The Works of Charles and Mary Lamb — Volume 6 eBook

This eBook from the Gutenberg Project consists of approximately 705 pages of information about The Works of Charles and Mary Lamb — Volume 6.

The Works of Charles and Mary Lamb — Volume 6 eBook

This eBook from the Gutenberg Project consists of approximately 705 pages of information about The Works of Charles and Mary Lamb — Volume 6.

I am busy with a farce in two acts, the incidents tragi-comic.  I can do the dialogue commey fo:  but the damned plot—­I believe I must omit it altogether.  The scenes come after one another like geese, not marshalling like cranes or a Hyde Park review.  The story is as simple as G[eorge] D[yer], and the language plain as his spouse.  The characters are three women to one man; which is one more than laid hold on him in the “Evangely.”  I think that prophecy squinted towards my drama.

I want some Howard Paine to sketch a skeleton of artfully succeeding scenes through a whole play, as the courses are arranged in a cookery book:  I to find wit, passion, sentiment, character, and the like trifles:  to lay in the dead colours,—­I’d Titianesque ’em up:  to mark the channel in a cheek (smooth or furrowed, yours or mine), and where tears should course I’d draw the waters down:  to say where a joke should come in or a pun be left out:  to bring my personae on and off like a Beau Nash; and I’d Frankenstein them there:  to bring three together on the stage at once; they are so shy with me, that I can get no more than two; and there they stand till it is the time, without being the season, to withdraw them.

I am teaching Emma Latin to qualify her for a superior governess-ship; which we see no prospect of her getting.  ’Tis like feeding a child with chopped hay from a spoon.  Sisyphus—­his labours were as nothing to it.

Actives and passives jostle in her nonsense, till a deponent enters, like Chaos, more to embroil the fray.  Her prepositions are suppositions; her conjunctions copulative have no connection in them; her concords disagree; her interjections are purely English “Ah!” and “Oh!” with a yawn and a gape in the same tongue; and she herself is a lazy, block-headly supine.  As I say to her, ass in praesenti rarely makes a wise man in futuro.

But I daresay it was so with you when you began Latin, and a good while after.

Good-by!  Mary’s love.

Yours truly, C. LAMB.

[This is the second letter to Mrs.
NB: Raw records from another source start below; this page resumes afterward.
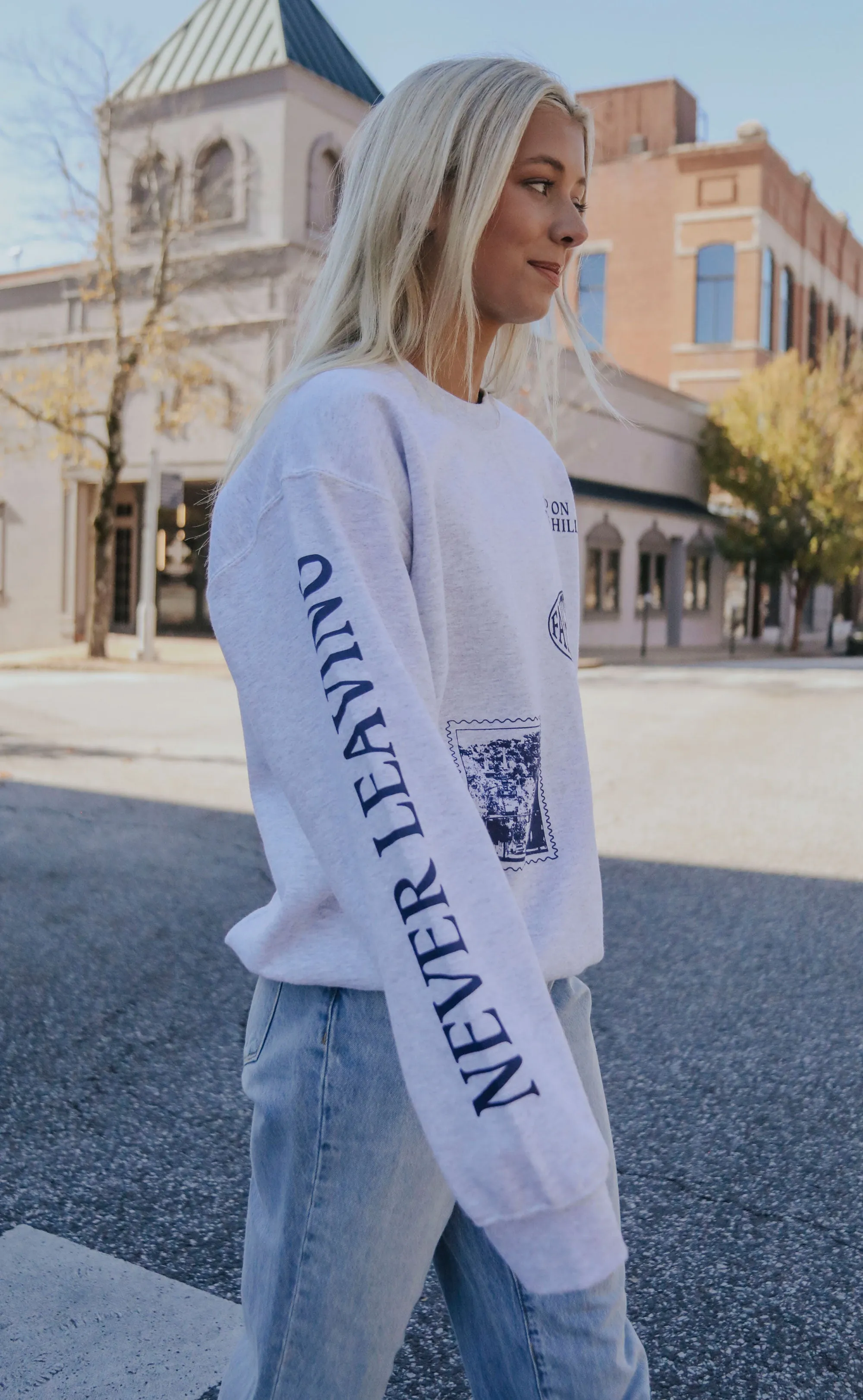 charlie southern: never leaving sweatshirt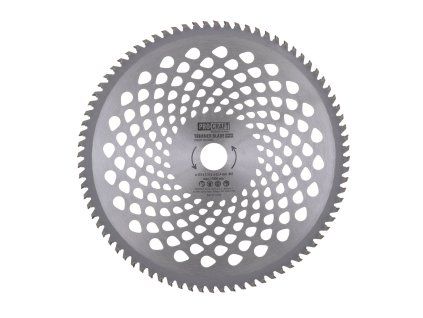 Nůž křovinořezu (kotouč) (D255*25.4)  80T PROCRAFT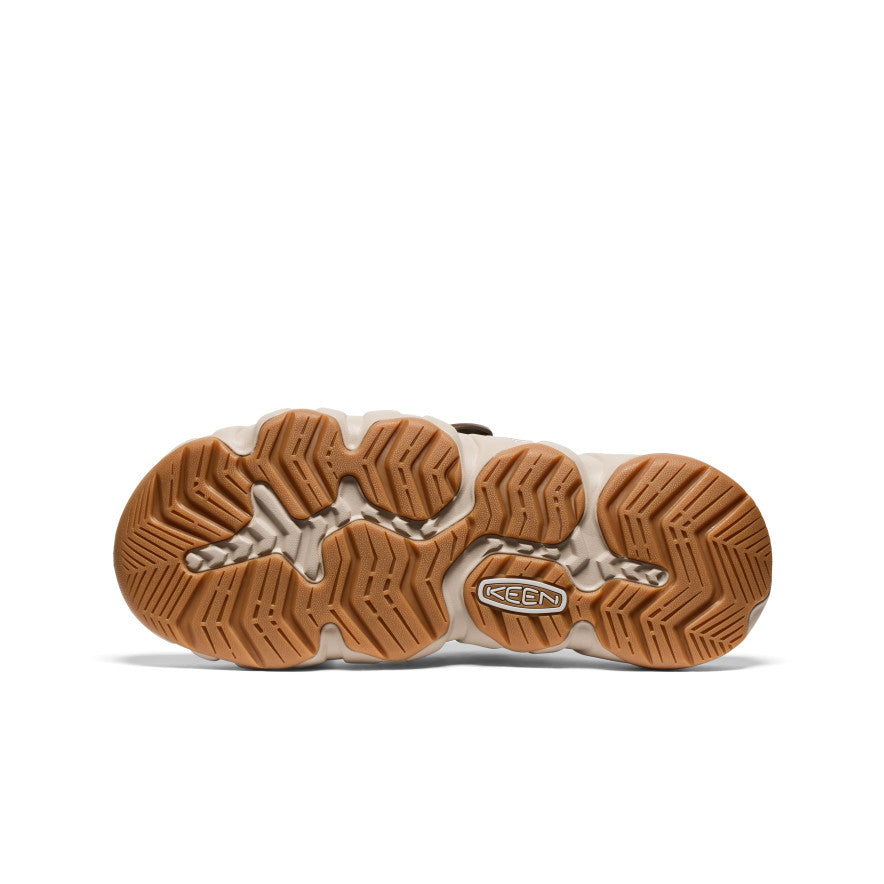 Men's Hyperport Leather Clogs - Comfortable Slip-On Shoes in Cornstalk/Plaza Taupe | Perfect for Casual Wear, Work & Outdoor Activities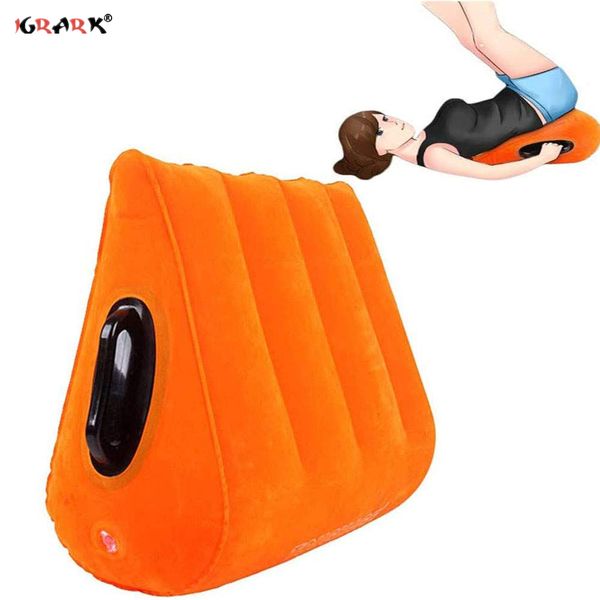 socks inflatable position pillow triangle sofa cushion with handle for women deep penetration toys for couple support, Black;white
socks inflatable position pillow triangle sofa cushion with handle for women deep penetration toys for couple support, Black;white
Shelley, nee Mary Wollstonecraft Godwin, the widow of the poet and the author of Frankenstein.  She had been living in England since 1823; and in 1826 had issued anonymously The Last Man.  That she kept much in touch with the Lambs’ affairs we know by her letters to Leigh Hunt.

Major Butterworth has kindly supplied me with a copy of her letter to
Mary Lamb which called forth Lamb’s reply.  It runs thus:—­

Kentish Town, 22 July, 1827.

My dear Miss Lamb,

You have been long at Enfield—­I hardly know yet whether you are returned—­and I quit town so very soon that I have not time to—­as I exceedingly wish—­call on you before I go.  Nevertheless believe (if such familiar expression be not unmeet from me) that I love you with all my heart—­gratefully and sincerely—­and that when I return I shall seek you with, I hope, not too much zeal—­but it will be with great eagerness.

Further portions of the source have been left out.